YOUNG, District Judge.

This action is brought by plaintiff, as subrogee of McConnell Heavy Hauling Company (hereinafter referred to as McConnell), against the Government under the Federal Tort Claims Act, 28 U.S.C.A. § 1346(b) (1962).

Plaintiff alleges that on May 10, 1962, a judgment was recovered in Circuit Court of Faulkner County, Arkansas, against its insured McConnell in the amount of $13,425.00 for personal injuries sustained in an automobile collision which plaintiff now contends was caused by the joint negligence of its insured and a United States Army vehicle. Plaintiff, as insurer of McConnell, negotiated a settlement of the claims made in the Circuit Court, pending an appeal, and obtained a release of these claims from the injured parties signed by them in blank.
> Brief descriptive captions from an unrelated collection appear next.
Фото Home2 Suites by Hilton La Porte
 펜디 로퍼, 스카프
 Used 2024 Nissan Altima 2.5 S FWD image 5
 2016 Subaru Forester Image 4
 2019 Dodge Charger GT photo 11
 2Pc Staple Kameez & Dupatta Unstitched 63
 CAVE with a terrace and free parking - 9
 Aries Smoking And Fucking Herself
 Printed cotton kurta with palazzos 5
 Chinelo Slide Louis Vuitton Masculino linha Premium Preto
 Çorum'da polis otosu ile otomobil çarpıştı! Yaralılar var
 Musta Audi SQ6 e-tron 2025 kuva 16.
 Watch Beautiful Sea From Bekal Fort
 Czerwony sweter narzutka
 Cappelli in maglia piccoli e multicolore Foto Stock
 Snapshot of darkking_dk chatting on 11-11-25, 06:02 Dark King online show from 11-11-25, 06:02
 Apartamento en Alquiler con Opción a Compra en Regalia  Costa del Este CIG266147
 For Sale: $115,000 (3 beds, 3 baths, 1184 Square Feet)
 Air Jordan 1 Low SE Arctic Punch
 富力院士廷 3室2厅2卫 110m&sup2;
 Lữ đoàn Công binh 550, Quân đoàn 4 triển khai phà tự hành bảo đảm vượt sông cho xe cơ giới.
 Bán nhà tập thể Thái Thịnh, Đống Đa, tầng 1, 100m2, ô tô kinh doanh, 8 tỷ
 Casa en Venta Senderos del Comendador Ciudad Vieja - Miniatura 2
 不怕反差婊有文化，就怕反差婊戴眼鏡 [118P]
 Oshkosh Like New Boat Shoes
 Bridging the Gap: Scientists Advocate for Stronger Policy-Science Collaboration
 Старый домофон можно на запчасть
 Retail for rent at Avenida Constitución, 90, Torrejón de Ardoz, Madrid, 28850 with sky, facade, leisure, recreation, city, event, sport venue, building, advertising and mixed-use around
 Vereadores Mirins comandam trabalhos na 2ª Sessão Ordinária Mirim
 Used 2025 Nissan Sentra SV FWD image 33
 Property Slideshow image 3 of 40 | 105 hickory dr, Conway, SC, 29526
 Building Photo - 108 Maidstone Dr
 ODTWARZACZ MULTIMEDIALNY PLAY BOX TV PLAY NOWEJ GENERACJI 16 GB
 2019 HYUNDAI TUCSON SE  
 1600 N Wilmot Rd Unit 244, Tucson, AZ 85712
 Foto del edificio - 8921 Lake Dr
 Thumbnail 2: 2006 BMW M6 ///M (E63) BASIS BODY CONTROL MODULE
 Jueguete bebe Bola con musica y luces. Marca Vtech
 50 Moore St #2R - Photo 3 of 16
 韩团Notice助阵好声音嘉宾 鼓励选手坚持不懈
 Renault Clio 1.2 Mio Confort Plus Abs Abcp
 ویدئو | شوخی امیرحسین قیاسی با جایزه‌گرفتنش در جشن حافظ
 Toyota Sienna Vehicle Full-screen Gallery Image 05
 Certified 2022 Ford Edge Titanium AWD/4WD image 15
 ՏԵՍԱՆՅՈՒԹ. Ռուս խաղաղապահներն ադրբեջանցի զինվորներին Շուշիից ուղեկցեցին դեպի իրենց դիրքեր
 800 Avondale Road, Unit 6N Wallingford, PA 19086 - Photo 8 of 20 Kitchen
Briefly stated, the facts giving rise to the state court action are as follows: McConnell was transporting a heavy piece of machinery across a bridge when an Army truck approached from the opposite direction. Just as soon as the driver of the Army truck saw the wide load crossing the bridge he brought his truck to a complete stop. The automobile following the Army truck collided with the rear of the Army vehicle, causing personal injuries to the occupants who filed suit against McConnell. The Government was not made a party to the state court action and the jury returned a verdict against McConnell.

Plaintiff, in its complaint first based the instant action on the theory of contribution under Ark.Stat. § 34-1002 (Repl.1962), contending that McConnell, as a joint tortfeasor with the Government, was entitled to contribution. The Government filed a motion to dismiss, relying on Smith v. Tipps Engineering & Supply Co., 231 Ark. 952, 333 S.W.2d 483, 485 (1960), and Allbright Bros. Contractors, Inc., v. Hull-Dobbs Co., 209 F. 2d 103 (6th Cir. 1953). Plaintiff then abandoned the theory of contribution and amended its complaint asserting its cause of action based on an alleged right to indemnity. The Government denies any such right of recovery in favor of plaintiff and now moves for summary judgment, relying on Fid. & Cas. Co. of N. Y. v. Jones Constr. Co., 200 F.Supp. 264 (E.D.Ark.1961), aff’d 325 F.2d 605 (8th Cir. 1963).

The sole question raised by this motion for summary judgment made by the Government is whether or not a right of indemnity exists on behalf of McConnell against the Government, whose only legal relationship to one another is that of joint tortfeasors. It is the view of this Court that under the law of Arkansas there is no such right of indemnity on behalf of McConnell against the Government in the case at bar.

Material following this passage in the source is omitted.